Oedipus at Colonus deals with the exile of Oedipus, in which he is protected by the king of Athens from persecution by Creon who has now taken power. As with Aeschylus, we see that Attic tragedy defends the role of Athens as ‘educator of Greece’ (a saying attributed to Pericles as explained in the post before the last one), even while having a critique of power.
Oedipus dies in a way that suggests he is close to the gods, and we can see another layer in the story of the tyrant. As a monster of some kind, Oedipus belongs outside the city state and when he is outside the city, he is in touch with a justice superior to that of the city, which belongs to human communities before state imposed laws. The divine power associated with such laws is, however, dangerous when associated with individual power using the organised violence of the state.
It is Antigone that is usually most associated with ideas of liberty, but I hope that remarks on the two other plays show how they have many ideas about the nature of law and liberty, and the dangers posed by political power. Antigone is the story of Oedipus’ daughter of that name and her resistance to the tyrannical tendencies of Creon.
Her brothers Polyneices and Eteocles had struggled for control of Thebes, ending in the death of both as Poyneices attacks the city, when it is held by Eteocles. Creon decrees that Polyneices cannot be buried with proper ritual and his body should be left outside the city for the wild animals to eat. This was an appalling prospect for ancient Greeks, and the desire for soldiers to avoid such a fate is a major theme of Homer’s Iliad.
Antigone insists on mourning her brother and attending to his corpse in the normal manner. Her defiance of Creon leads to Creon imprisoning her in a tomb, where she commits suicide. The violence with which he imposes his will leads to the suicide of Antigone’s fiancé who is the son of Creon and then the suicide of Creon’s wife.
In the end Creon learns to accept the advice of Tireseas, the prophet persecuted by Oedipus, and to moderate his insistence on pushing his powers to the extreme. Antigone is the heroine of the customary, and even divine, law of Greece which precedes the edicts of tyrants like Creon, so can be seen as the defender of justice against laws based on political power rather than on the basic principles of human justice, what is often referred to since Aristotle as natural law.
There are questions about how far the original audience would have seen Antigone as a character to be admired though.
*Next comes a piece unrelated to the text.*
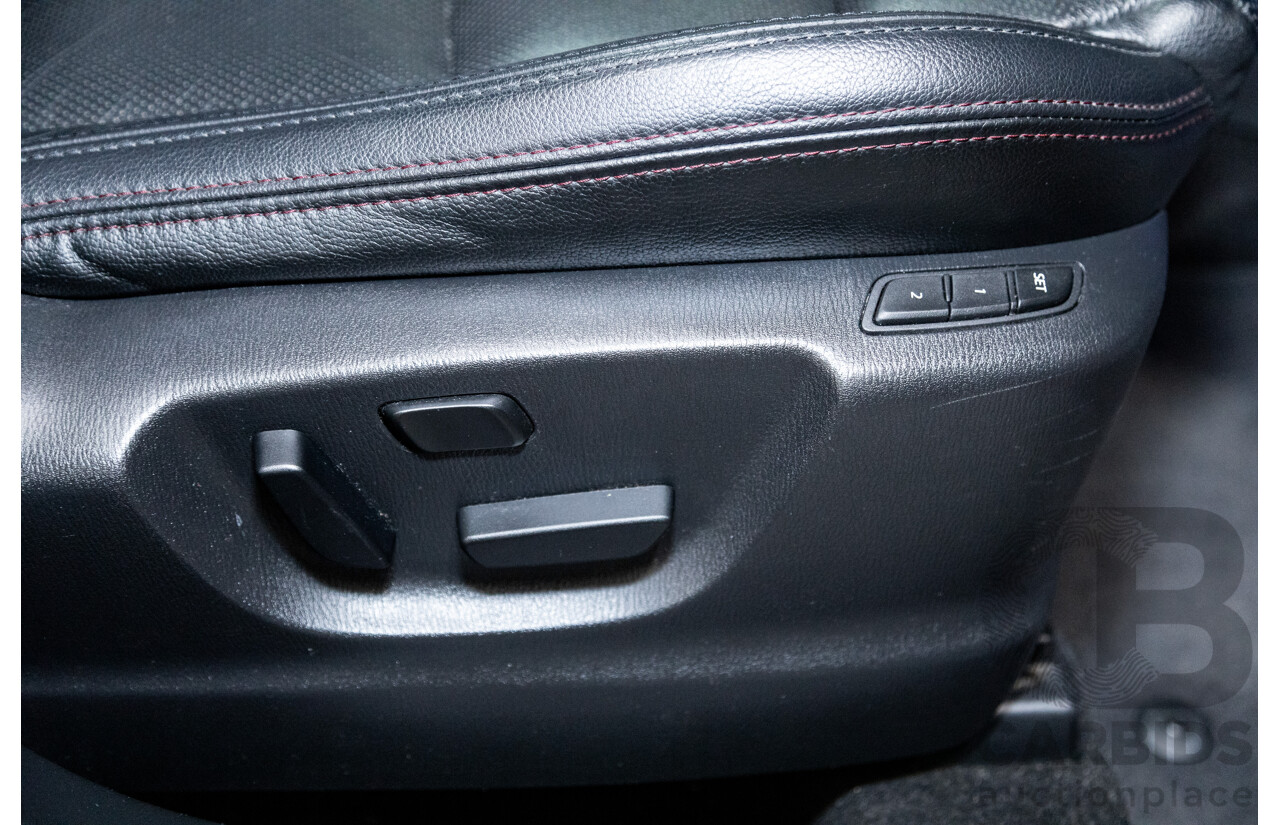 7/2015 Mazda CX-5 Akera (AWD) Series 2 KE MY15 4d Wagon Soul Red Metallic Twin Turbo Diesel 2.2L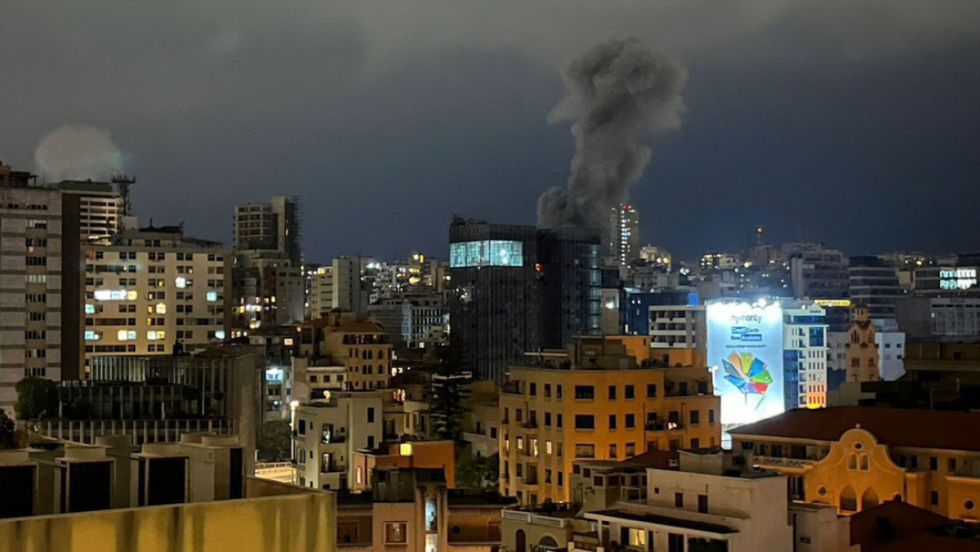 Decenas de muertos tras nuevo ataque de Israel a Beirut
The society was intensely patriarchal and women defying the authority of men was a horrifying prospect. Perhaps the dramatic context provided an opportunity to push at the limits of the ideas normal to audience, maybe it just allowed them to think that one of the dangers of bad government is that it produces mad dangerous woman, and the play does portray Antigone as unhealthily obsessed with death.
She can be seen as a heroine of justice, and is often taken as a symbol of justice above the state, by those of classical liberal and libertarian persuasion, but others as well. She might also be taken as a symbol of conflicts over justice taken to a dangerous and self-destructive extreme, so that she is guilty as well as Creon, before he learns measure and moderation in the use of power. In any case, there is much to think about with regard to law and liberty in these plays, and it is important to recognise the ‘thinking about’ and not just impose simple interpretations inattentive to the details of the plays. Judgements of liberty and justice require respect for context and particularity.